**WHAT IS BEING ASKED:** The records below must be copied in full; omit the images.
++++ MATERIALS PROVIDED ++++
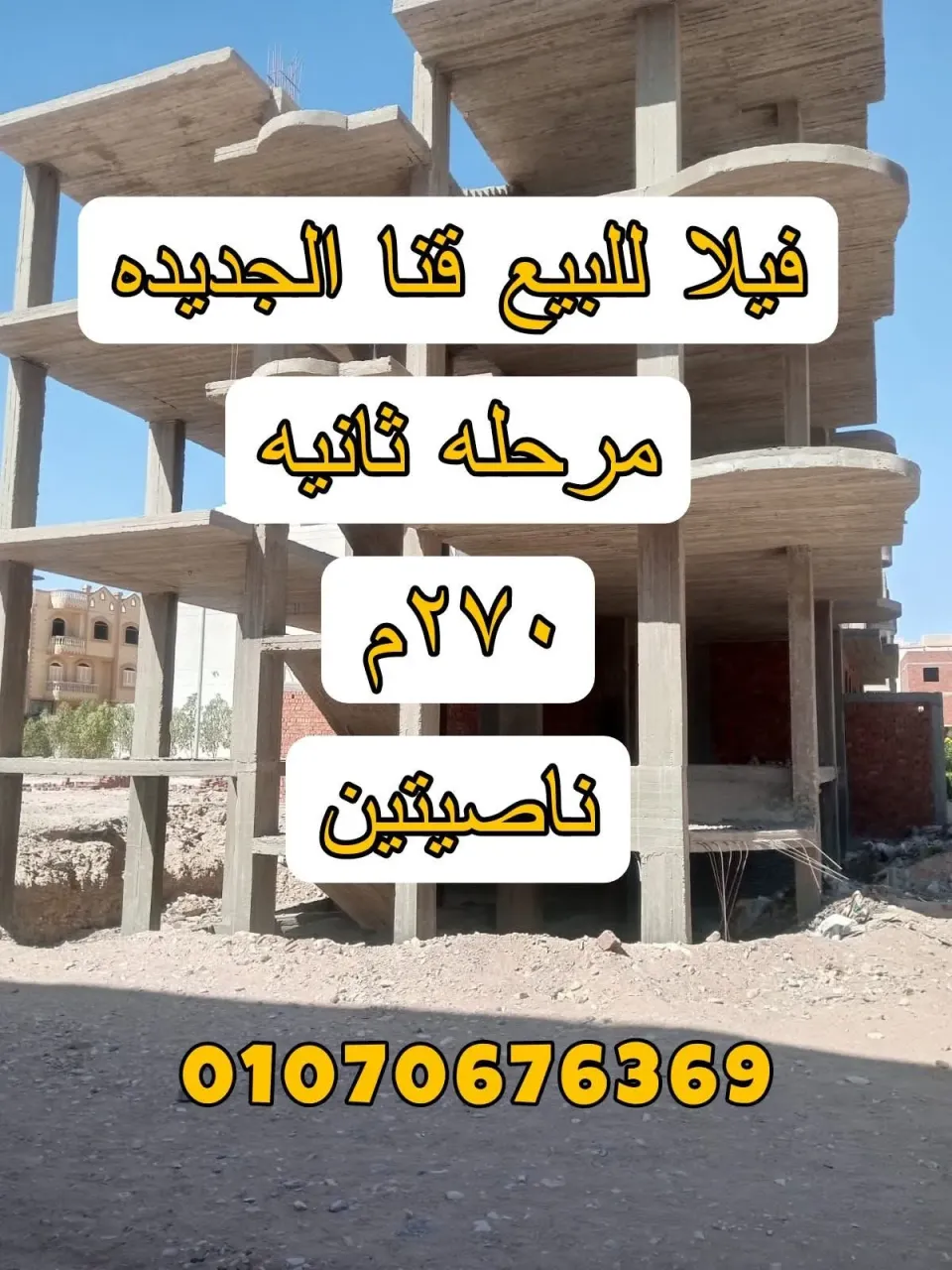 فيلا للبيع قنا الجديده لقطه
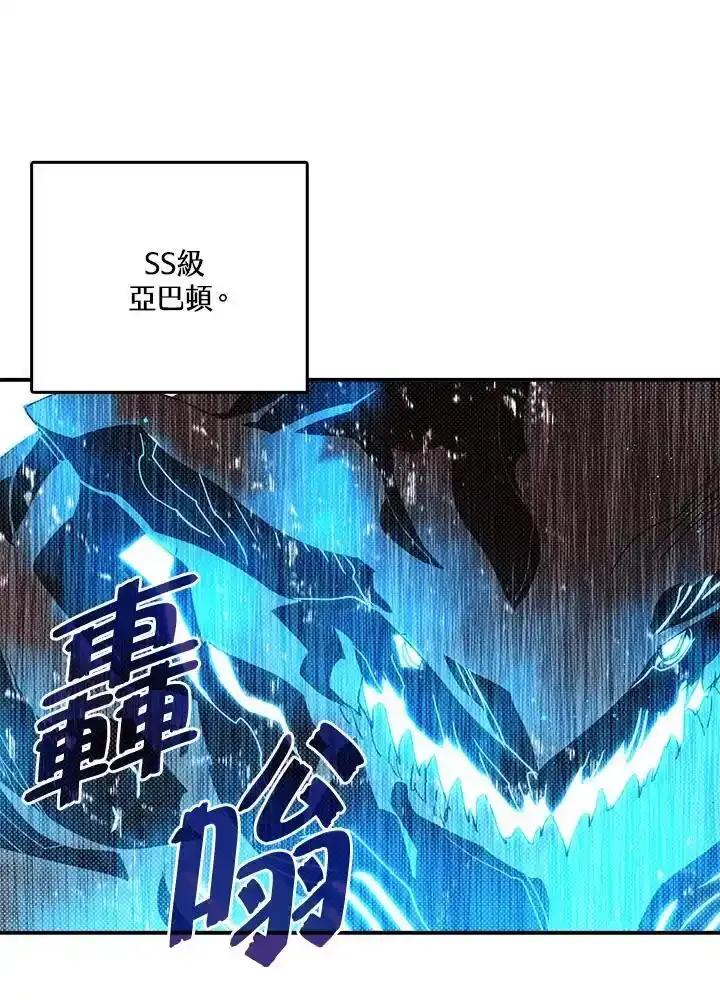 《魔导王》第121话 第39页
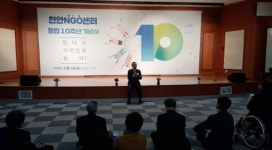 천안NGO센터, 창립10주년 기념식 개최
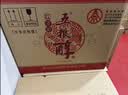 五粮液股份五粮醇醇享50度浓香型白酒500ml*6瓶整箱酒厂直供中秋礼品 实拍图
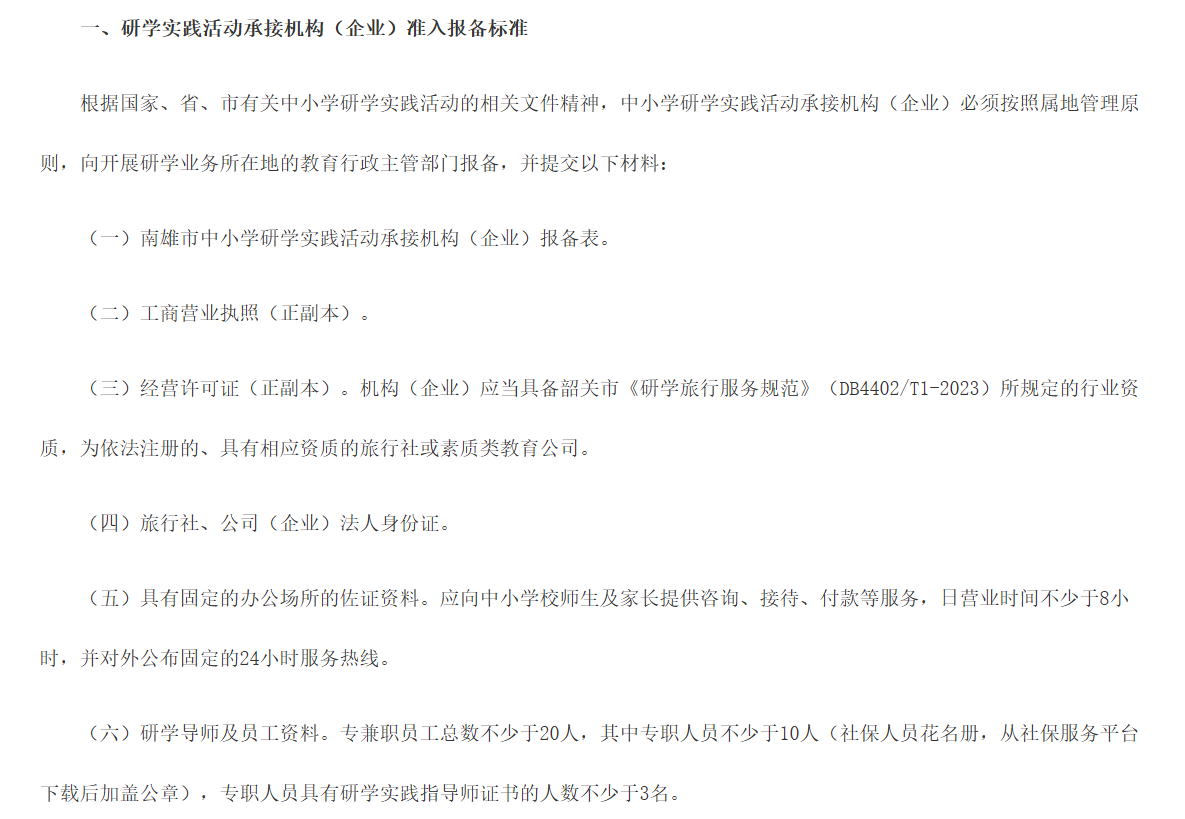 利好!又一地废止研学实践活动承接机构(企业)准入机制! 利好!又一地废止研学实践活动承接机构(企业)准入机制!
++++
**ANSWER BOX:**
 فيلا للبيع قنا الجديده لقطه
 《魔导王》第121话 第39页
 천안NGO센터, 창립10주년 기념식 개최
 五粮液股份五粮醇醇享50度浓香型白酒500ml*6瓶整箱酒厂直供中秋礼品 实拍图
 利好!又一地废止研学实践活动承接机构(企业)准入机制! 利好!又一地废止研学实践活动承接机构(企业)准入机制!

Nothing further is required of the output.